That Central Coast Sanctuary effort was endorsed by the City Councils of San Luis Obispo, Morro Bay, Pismo Beach, Grover Beach, Paso Robles, and Atascadero, the Morro Coast Audubon Society, Northern Chumash Council, San Luis Obispo Area Coordinating Council, and the Pacific Fishery Management Council. Of primary concern: the reactivation of offshore oil leases. No extraction of oil, gas, or mineral resources is allowed within the waters of a National Marine Sanctuary.

The Bill to establish the Monterey Sanctuary made the cut; ours died. For the last fifteen years, there has been wide public support in San Luis Obispo County for the establishment of a sanctuary to protect the marine resources of our portion of the Central Coast.

"Over the last fifteen years, the need for a marine sanctuary for San Luis Obispo has only grown greater," says Santa Lucia Chapter Chair Karen Merriam. "With the ever-present pressure to resume offshore oil exploration, the need is urgent."

Recognizing that same need in her district, Representative Lynn Woolsey tried to bring several bills forward during the Bush administration to protect the coast of Sonoma County by extending the northern border of the Gulf of Farallones National Marine Sanctuary.
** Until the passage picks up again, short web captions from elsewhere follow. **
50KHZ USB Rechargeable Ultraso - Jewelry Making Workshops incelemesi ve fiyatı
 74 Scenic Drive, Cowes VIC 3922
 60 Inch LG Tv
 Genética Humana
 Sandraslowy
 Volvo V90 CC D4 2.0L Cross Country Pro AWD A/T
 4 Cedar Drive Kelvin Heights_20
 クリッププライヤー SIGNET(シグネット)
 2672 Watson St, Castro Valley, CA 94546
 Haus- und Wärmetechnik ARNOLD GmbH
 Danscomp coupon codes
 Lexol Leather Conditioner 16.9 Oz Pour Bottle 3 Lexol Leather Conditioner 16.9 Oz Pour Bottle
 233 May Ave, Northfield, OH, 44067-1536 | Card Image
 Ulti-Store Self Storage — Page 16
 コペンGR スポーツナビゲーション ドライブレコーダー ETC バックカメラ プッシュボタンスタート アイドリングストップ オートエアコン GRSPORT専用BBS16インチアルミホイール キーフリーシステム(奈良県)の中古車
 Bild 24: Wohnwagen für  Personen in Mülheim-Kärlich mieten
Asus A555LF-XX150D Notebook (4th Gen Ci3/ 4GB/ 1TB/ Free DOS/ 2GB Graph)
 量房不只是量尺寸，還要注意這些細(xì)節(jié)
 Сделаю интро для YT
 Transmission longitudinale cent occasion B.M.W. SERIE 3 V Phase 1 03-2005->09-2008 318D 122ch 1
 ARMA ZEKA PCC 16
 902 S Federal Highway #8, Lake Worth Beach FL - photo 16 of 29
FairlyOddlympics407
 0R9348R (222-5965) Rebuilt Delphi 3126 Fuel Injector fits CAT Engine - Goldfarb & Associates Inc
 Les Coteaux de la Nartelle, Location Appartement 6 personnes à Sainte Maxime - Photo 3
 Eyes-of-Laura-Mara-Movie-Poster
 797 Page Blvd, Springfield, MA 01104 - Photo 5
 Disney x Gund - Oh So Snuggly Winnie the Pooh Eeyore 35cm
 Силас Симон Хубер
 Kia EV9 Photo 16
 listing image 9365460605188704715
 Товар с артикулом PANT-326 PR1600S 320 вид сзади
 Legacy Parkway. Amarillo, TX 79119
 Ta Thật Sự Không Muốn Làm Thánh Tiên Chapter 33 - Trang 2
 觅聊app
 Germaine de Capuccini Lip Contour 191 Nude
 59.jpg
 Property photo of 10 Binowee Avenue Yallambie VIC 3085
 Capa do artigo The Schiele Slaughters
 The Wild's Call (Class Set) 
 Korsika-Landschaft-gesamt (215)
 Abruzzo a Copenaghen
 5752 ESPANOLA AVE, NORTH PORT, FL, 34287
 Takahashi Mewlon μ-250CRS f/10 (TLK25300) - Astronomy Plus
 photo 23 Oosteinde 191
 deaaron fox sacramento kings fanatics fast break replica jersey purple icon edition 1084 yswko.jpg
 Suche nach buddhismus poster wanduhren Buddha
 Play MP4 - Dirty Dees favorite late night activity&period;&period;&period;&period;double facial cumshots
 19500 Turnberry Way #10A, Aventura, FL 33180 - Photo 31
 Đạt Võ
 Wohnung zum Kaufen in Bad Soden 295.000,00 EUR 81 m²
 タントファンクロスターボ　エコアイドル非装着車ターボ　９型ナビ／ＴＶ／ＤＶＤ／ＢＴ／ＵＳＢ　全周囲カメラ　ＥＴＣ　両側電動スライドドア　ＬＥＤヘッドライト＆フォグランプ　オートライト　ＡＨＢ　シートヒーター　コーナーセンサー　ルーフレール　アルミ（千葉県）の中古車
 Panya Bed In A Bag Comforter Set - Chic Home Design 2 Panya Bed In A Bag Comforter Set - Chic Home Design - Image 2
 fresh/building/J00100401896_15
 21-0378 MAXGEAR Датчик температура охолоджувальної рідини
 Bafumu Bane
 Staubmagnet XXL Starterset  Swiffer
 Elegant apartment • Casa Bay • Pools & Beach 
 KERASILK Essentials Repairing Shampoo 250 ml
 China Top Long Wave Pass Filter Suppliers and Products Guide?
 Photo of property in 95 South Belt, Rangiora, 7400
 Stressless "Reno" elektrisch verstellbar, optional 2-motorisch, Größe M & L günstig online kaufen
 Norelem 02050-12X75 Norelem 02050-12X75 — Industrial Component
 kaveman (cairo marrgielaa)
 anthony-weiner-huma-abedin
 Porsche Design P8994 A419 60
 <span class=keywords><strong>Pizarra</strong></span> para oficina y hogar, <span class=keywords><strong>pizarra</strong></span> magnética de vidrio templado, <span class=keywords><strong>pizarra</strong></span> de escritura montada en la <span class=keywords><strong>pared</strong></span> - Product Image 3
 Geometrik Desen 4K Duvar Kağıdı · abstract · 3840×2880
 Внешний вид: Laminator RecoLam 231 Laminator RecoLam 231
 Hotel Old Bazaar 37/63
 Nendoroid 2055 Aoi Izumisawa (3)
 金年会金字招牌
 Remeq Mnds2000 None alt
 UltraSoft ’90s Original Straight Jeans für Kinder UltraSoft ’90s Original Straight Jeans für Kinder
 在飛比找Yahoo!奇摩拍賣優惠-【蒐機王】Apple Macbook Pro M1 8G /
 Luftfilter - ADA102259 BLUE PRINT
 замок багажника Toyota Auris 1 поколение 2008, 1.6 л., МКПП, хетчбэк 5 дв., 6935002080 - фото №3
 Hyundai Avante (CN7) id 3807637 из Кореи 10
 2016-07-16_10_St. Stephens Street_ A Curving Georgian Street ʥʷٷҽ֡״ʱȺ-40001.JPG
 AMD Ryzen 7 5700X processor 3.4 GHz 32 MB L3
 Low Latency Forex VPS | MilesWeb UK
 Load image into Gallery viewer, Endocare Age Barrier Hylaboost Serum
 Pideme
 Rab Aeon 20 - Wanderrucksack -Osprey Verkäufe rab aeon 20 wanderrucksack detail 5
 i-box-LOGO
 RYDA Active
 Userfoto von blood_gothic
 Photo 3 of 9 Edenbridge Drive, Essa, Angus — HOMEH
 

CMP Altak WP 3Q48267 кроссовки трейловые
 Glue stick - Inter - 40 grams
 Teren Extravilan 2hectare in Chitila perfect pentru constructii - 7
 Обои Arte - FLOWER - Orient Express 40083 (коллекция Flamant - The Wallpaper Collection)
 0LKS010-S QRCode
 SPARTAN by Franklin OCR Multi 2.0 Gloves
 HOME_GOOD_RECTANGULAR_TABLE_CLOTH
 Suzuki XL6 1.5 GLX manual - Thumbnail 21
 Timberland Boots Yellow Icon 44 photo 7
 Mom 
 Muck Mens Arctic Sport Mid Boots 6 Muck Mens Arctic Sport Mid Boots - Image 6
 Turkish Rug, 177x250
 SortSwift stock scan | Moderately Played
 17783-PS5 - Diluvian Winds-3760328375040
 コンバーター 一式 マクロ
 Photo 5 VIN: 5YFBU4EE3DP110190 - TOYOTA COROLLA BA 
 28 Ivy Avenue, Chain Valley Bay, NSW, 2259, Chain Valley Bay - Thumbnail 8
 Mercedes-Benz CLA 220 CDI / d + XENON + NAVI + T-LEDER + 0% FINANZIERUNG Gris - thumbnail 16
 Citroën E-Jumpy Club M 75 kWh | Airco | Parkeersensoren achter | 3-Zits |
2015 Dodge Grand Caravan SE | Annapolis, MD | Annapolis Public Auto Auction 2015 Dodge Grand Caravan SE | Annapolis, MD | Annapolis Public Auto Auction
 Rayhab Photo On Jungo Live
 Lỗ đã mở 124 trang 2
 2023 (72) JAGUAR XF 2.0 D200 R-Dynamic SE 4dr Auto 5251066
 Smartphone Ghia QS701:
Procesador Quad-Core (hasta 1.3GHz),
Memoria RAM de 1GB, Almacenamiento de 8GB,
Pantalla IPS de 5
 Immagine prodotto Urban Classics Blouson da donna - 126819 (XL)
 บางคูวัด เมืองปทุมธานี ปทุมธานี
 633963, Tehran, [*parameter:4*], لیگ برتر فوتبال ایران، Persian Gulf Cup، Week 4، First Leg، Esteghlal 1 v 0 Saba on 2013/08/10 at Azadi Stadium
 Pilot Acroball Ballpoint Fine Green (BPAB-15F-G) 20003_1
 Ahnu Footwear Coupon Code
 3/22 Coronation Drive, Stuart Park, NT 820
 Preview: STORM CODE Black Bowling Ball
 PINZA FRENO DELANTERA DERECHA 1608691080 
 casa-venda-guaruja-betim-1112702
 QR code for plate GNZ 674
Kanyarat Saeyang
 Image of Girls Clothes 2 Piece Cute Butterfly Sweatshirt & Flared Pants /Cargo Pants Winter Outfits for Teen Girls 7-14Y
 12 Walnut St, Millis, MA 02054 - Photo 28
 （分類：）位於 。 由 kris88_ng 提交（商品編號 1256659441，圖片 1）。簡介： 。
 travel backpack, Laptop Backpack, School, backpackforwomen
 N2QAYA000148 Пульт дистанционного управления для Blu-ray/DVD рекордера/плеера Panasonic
Her last attempted bill passed the House in March 2008, but was never brought to a vote in the Senate.

Extension of the MBNMS would enhance public awareness and understanding of marine resources; support scientific research; allow local stakeholders to present a united position on matters of mutual concern (including oil and gas exploration and development, ocean dumping, marine mammal issues, cruise ship activities and other enterprises that use ocean resources); and facilitate a proactive approach to ocean protection.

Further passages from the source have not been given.